Jessica Carey-Webb | Natalie Rovello
Assistant Professor Carey-Webb has mentored Rovello throughout her undergraduate career through a range of upper-division Portuguese courses. Carey-Webb's passion for research and scholarship focus on the intersection of environmental humanities, Latin American cultural studies, and decolonial critique, with an emphasis on extractivism, race, gender, and territorial resistance in the Amazon and beyond.

Assistant Professor Jessica Carey-Webb

"Drawing on my background in public environmental advocacy, my work bridges scholarly and public discourse to examine the legacies of colonialism and the cultural forms that challenge them," Carey-Webb said.

While Carey-Webb says collaborative efforts were a key part of the pair's successful research project, Rovello really paved her own research journey demonstrating great independence and initiative. This balance of collaboration and individual exploration underscores the multifaceted nature of research and the diverse pathways that can lead to significant discoveries, including their project.

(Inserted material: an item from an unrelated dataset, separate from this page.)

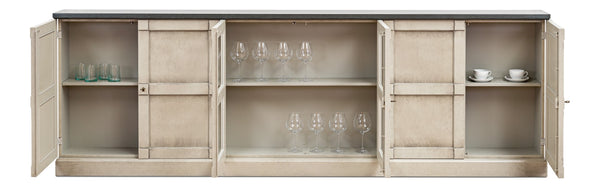 Sarreid Six Door Console – Stylish Washed Grey With Stone Grey Top, 5 Adjustable Shelves For Versatile Storage Grey  R239-04t01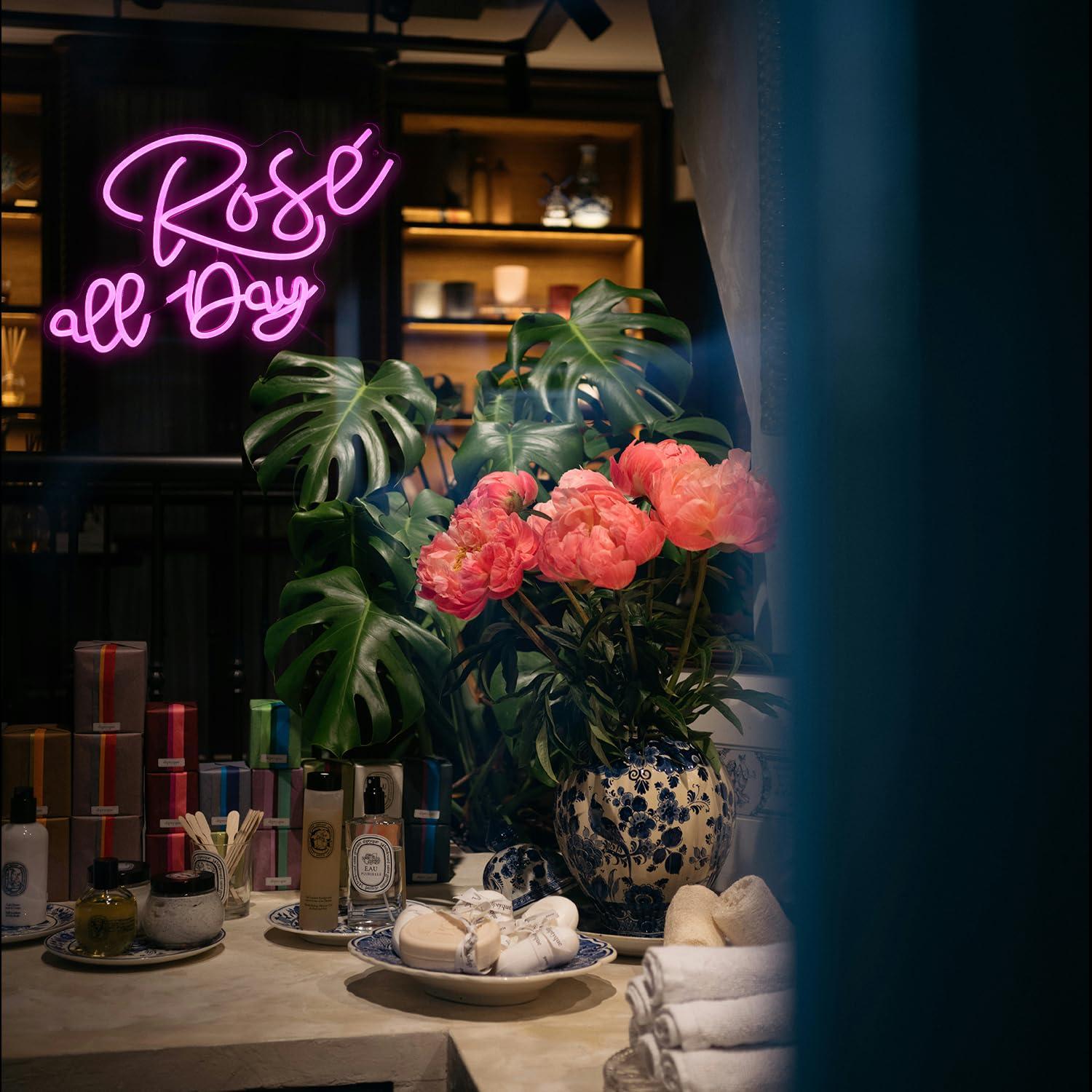 Rose All Day Neon Sign Dimmabl - Neon Sign Party avaliação e preço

"Through my undergrad at UNM, I didn't feel as though my core classes fed my abilities and my ambitions as a researcher. So, I jumped on the chance to write an undergraduate thesis," Rovello said.

Therefore, through Rovello's thesis, she explored the politically engaged work of Brazilian conceptual artist Cildo Meireles, placing his artistic interventions in dialogue with affect theory and histories of authoritarianism.

Portuguese & Art History Student Natalie Rovello

"My research was prompted by an honest reaction to the work; I couldn't decide if I loved or hated it, if it disgusted or invigorated me, if the artist's message was completely opaque or if, somehow, I implicitly agreed with him," she said. "These feelings were strong enough that I wanted to write about them. I wanted to know where they came from art historically, and how Meireles constructed a new affective experience."

Rovello graduated in May and was named a 2025-2026 Fulbright scholar. She plans to move to Brazil and work as an English teaching assistant.

"As my research progressed, I could read the news, talk with friends, observe my surroundings, and feel as though my understanding of the world around me also grew and changed. It was incredibly beneficial to have someone in my corner to talk through my doubts and my discoveries. My work with Professor Carey-Webb represents, for me, the kind of academic environment where great ideas happen," Rovello said.